MARTY BLOOMBERG, PLAINTIFF-APPELLEE,

v.

ARTHUR M. MARKS, DEFENDANT-APPELLANT.



APPEAL from the Circuit Court of Rock Island County; the Hon. CHARLES H. CARLSTROM, Judge, presiding.

MR. JUSTICE BARRY DELIVERED THE OPINION OF THE COURT:

The plaintiff, Marty Bloomberg, filed suit against defendant, Arthur M. Marks, on March 15, 1974, alleging a 7-year-old breach-of-contract action. Marks was a mortgage broker and Bloomberg's claim was that Marks had promised to obtain financing for him, for a contingent fee of $4800, but no financing was ever obtained. The plaintiff admitted that Marks had returned $2400 to him in the form of a cashier's check but stated that he had never cashed it. In the answer filed by Marks, he denied that there was a contract as alleged and denied that there had been any breach. Marks additionally filed an affirmitive defense alleging that the action was based on an oral agreement and was therefore barred by the 5-year statute of limitations.

After the trial held on May 28, 1974, an order was entered finding that there was no written contract and that the 5-year statute of limitations did apply, and accordingly judgment was entered in favor of defendant. On June 21, 1974, plaintiff filed a motion to vacate the prior judgment order. Defendant filed a response to the motion but waived his right to be present at the oral argument on the motion. On November 26, 1974, the trial judge vacated his judgment order of May 28, 1974, and entered judgment, without any evidentiary hearing, against defendant and in favor of plaintiff in the amount of $4800. From this judgment defendant has appealed. He contends that the judgment against him and in favor of plaintiff was in error because: (1) the contract sued upon was an oral contract and suit was barred by the statute of limitations; (2) even if there was a written contract, plaintiff's acceptance of the $2,400 refund barred his recovery; (3) even if a written contract was proved, plaintiff failed to prove its breach. We need only consider the first issue raised in resolving this appeal.
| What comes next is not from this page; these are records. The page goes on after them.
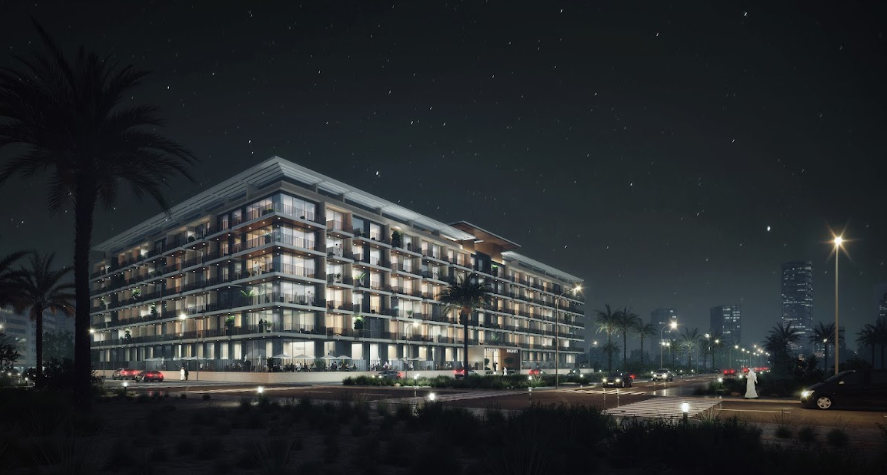 Aurora at JVC by Binghatti Developers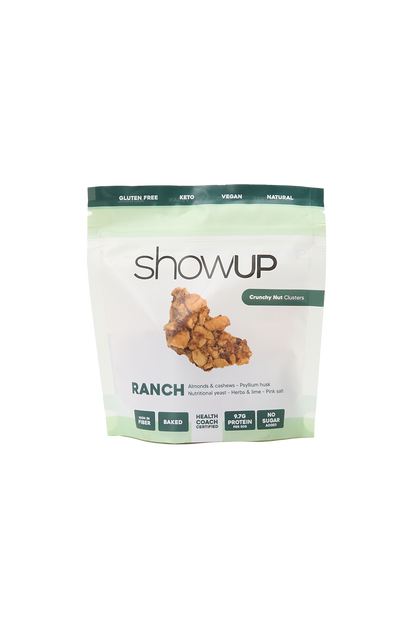 Ranch Crunchy Nut Clusters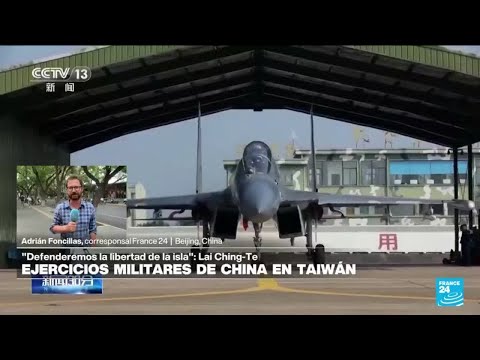 Informe desde Beijing: China realiza nuevos ejercicios militares en Taiwán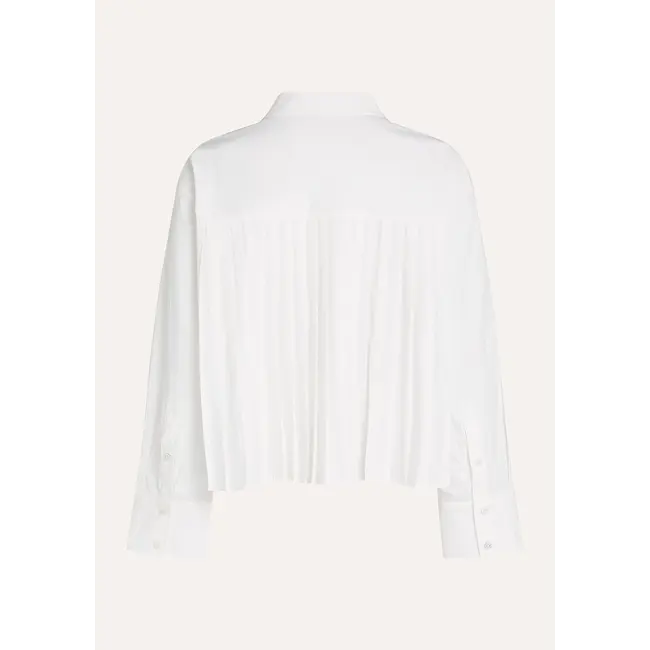 GIRLS GIA BLOUSE 3686 Cloud dancer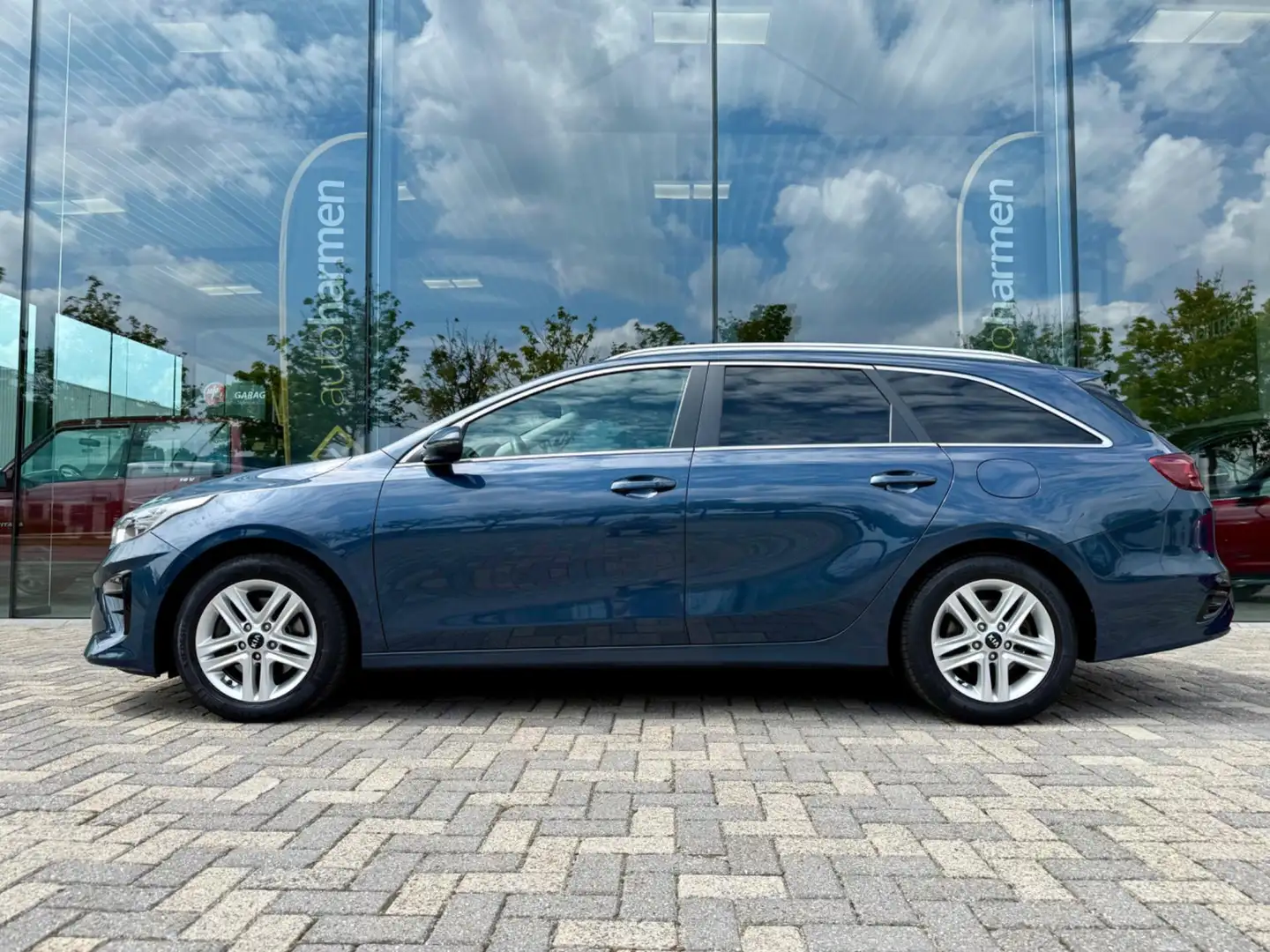 Kia Ceed SW / cee'd SW Sportswagon 1.4 T-GDi automaat DynamicPlusLine, NA Albastru - 2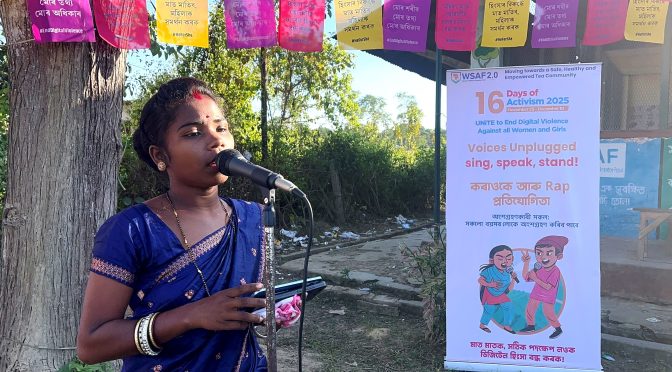 WHEN VOICES RISE, CHANGE FOLLOWS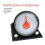 Multifunctional Plastic Angle Meter, Slope Meter, Angle Meter, Pointer Type Horizontal Angle Meter with Scale 6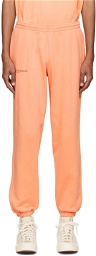 PANGAIA Orange 365 Lounge Pants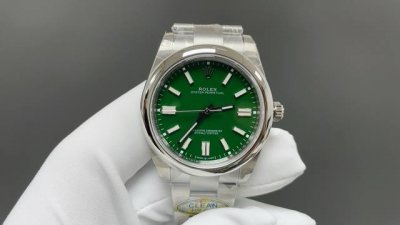 Rolex Oyster Perpetual Series, Japanese Movement, Shipped With Beveled Edges And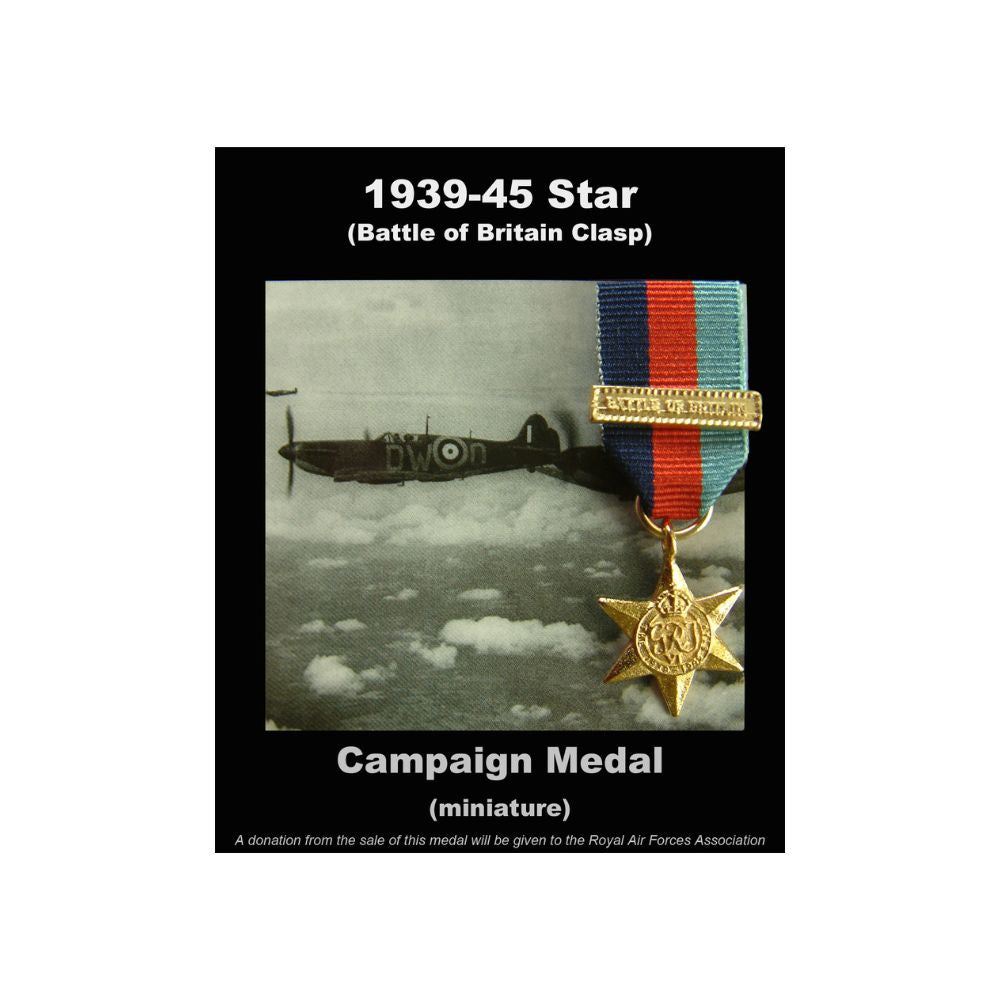 Miniature World War Campaign Medals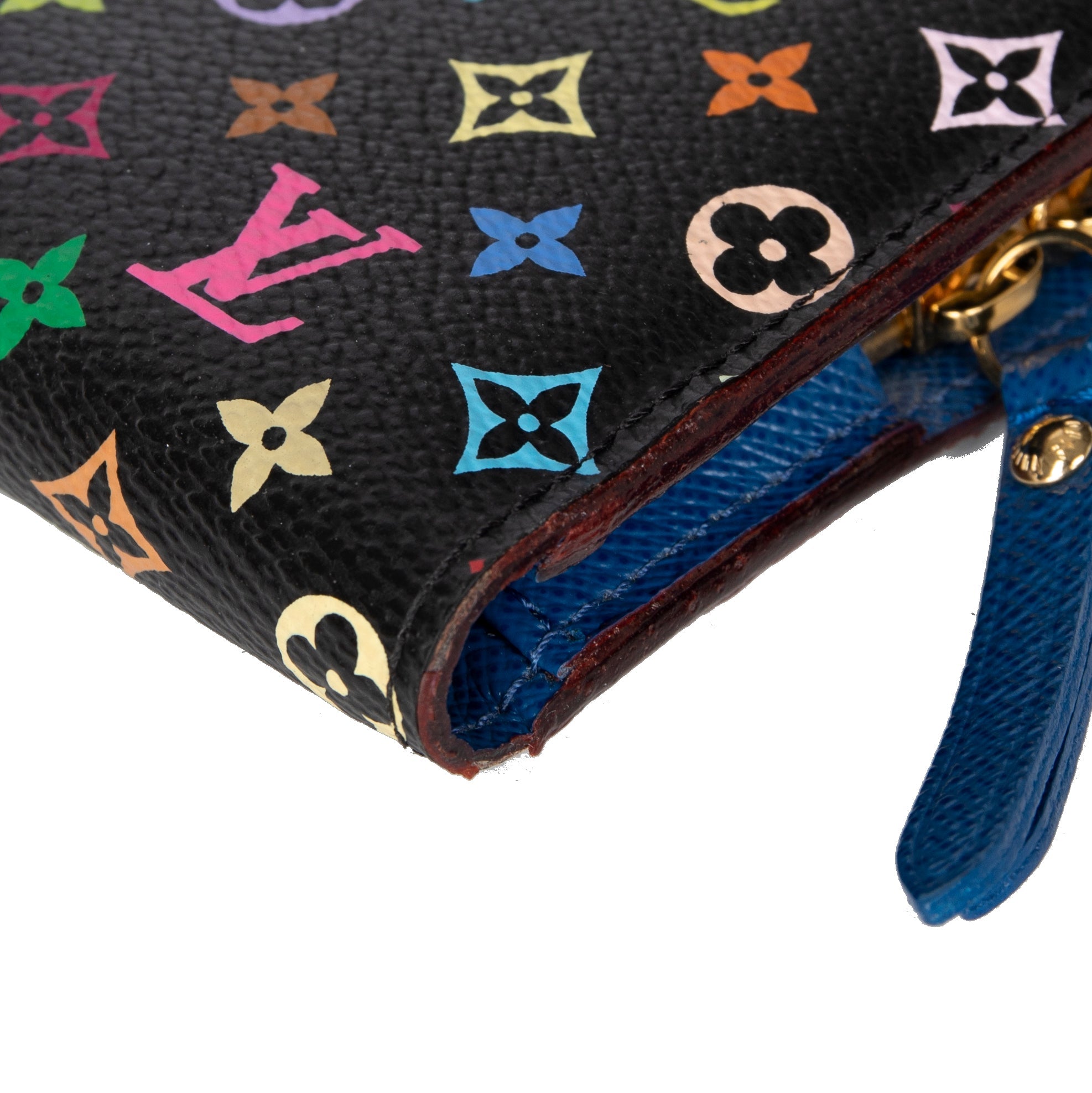 Louis Vuitton Multicolore Monogram Insolite Wallet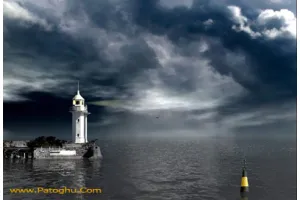 محافظ صفحه نمایش بسیار زیبای Majestic Lighthouse Screensaver
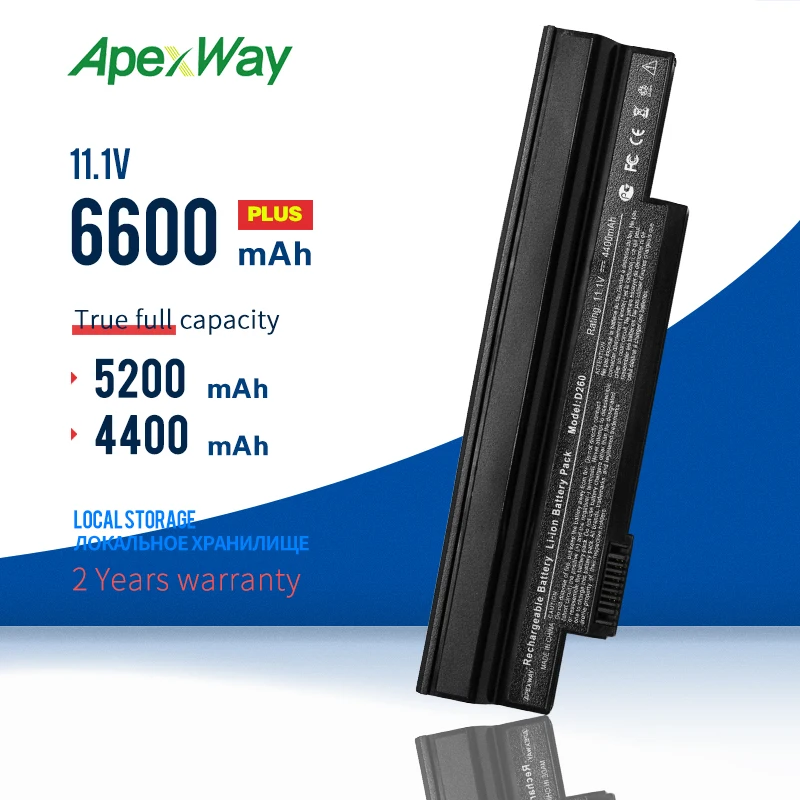 Черный аккумулятор 11 1 В для Acer Aspire one 532h 532G UM09H31 UM09H36 UM09H41 UM09G31 UM09H56 UM09H70 UM09H73 UM09H75 |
• 1 The question presented is whether the trial judge was correct the first time he ruled on May 28, 1974, when he found that there was no written agreement and that the instant suit was barred by the 5-year statute of limitations (Ill. Rev. Stat. 1973, ch. 83, § 16). We believe the trial judge was correct the first time he ruled and committed error in vacating that judgment and instead entering judgment for plaintiff. The plaintiff argues that even though verbal negotiations had taken place previous to November 9, 1966, no verbal contract or meeting of the minds occurred. Plaintiff's theory is that a defendant's November 9, 1966, letter to plaintiff's attorney constituted a written counterproposal and plaintiff's payment by a cashier's check which defendant physically picked up on November 10, 1966, constituted acceptance of the written counterproposal and formed the written contract. Although the evidence of those facts is established in the record the conclusions plaintiff draws from them are not so established. We believe the trial judge properly summarized the testimony and evidence in a statement just prior to dismissing plaintiff's suit, "Not only was there an agreement prior to November 9, 1966 but on cross-examination the plaintiff testified that he had no written agreement with Mr. Marks * * *. I find that this was concluded entirely and solely as an oral agreement. Consequently the case was simply filed too late in view of the Statute of Limitations relating to oral agreements." The court then requested a motion for dismissal which he subsequently granted.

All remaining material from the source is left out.